Turkey's Court of Cassation ordered a longer prison term for Ali Yazıcı, a former aide-de-camp of President Recep Tayyip Erdoğan, for his role in the assassination bid targeting Erdoğan during the 2016 coup attempt.
The court announced final verdicts on Friday in a case regarding the assassination attempt on Erdoğan that was narrowly avoided when soldiers loyal to the Gülenist Terror Group (FETÖ) sought to seize power. Yazıcı was among the 37 defendants sentenced earlier by a lower court in Muğla where the assassination attempt took place. The top court said in its ruling that an 18-year prison term for Yazıcı was "low," and he should be given a heftier sentence as "a main perpetrator" of the crime.
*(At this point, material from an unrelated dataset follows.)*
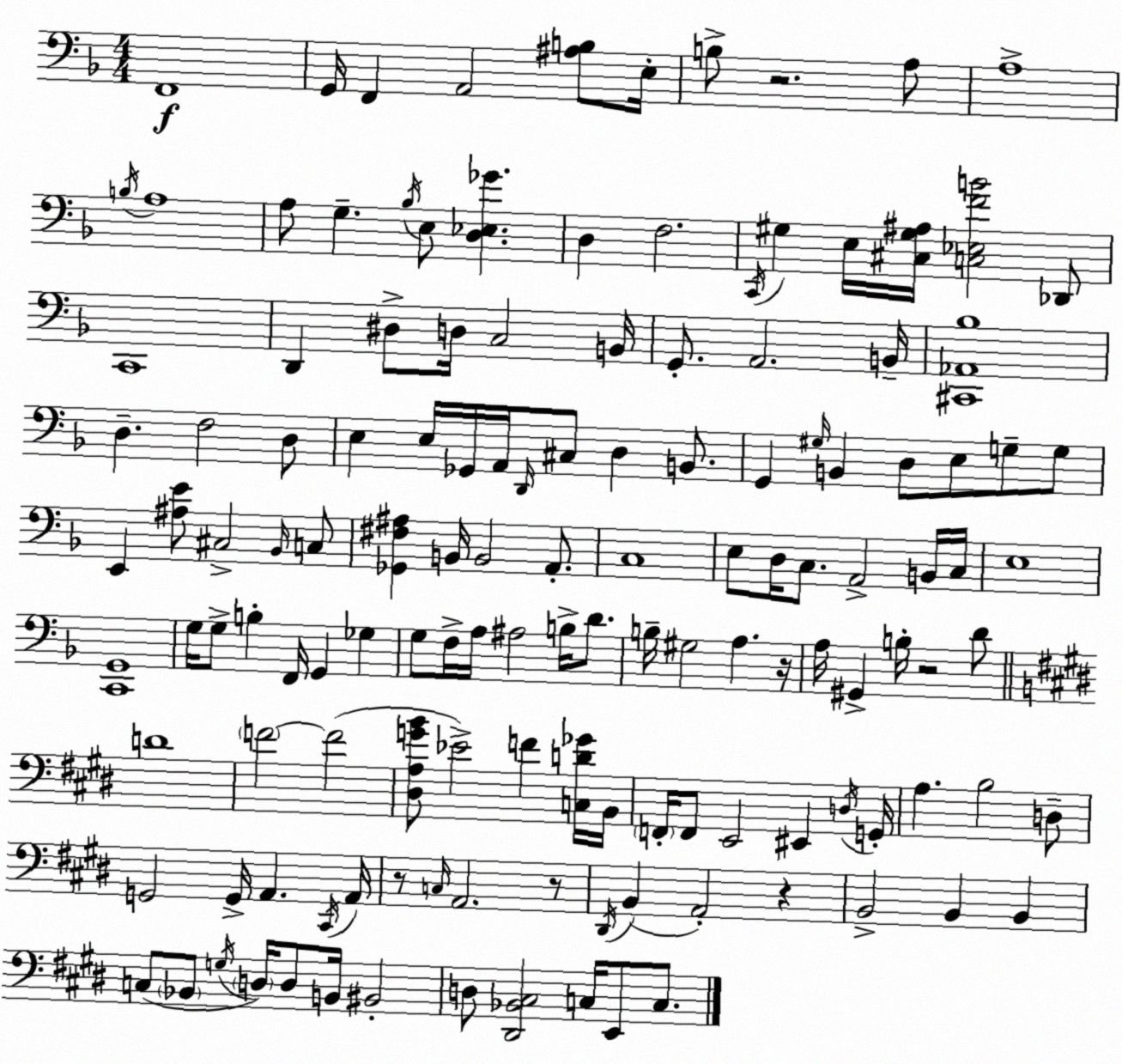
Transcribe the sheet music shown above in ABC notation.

Yazıcı was originally charged for aiding and abetting other soldiers who stormed the hotel where Erdoğan was staying in the city of Marmaris in Muğla on July 15, 2016. Erdoğan and his entourage had left the premises earlier upon learning of the coup attempt and the would-be assassins killed two police officers at the hotel before they fled upon the arrival of anti-coup security forces. All but one were captured days later in the Marmaris countryside.
The Court of Cassation upheld aggravated life sentences for the team of assassins led by Brig. Gen. Gökhan Şahin Sönmezateş. Sönmezateş was among the rare defendants in coup-related cases who admitted he indeed took part in a coup, while almost all the defendants claimed they did not participate in or were not aware that a coup was unfolding.
Friday's ruling said that although Yazıcı was not at the crime scene, he was involved in planning the assassination and organizing the military officers tasked with the killing attempt, as well as finding the exact location of the president on July 15, 2016. On that day, Yazıcı traveled from the capital Ankara to a military base in İzmir where the team of assassins left for the attempt on Erdoğan's life.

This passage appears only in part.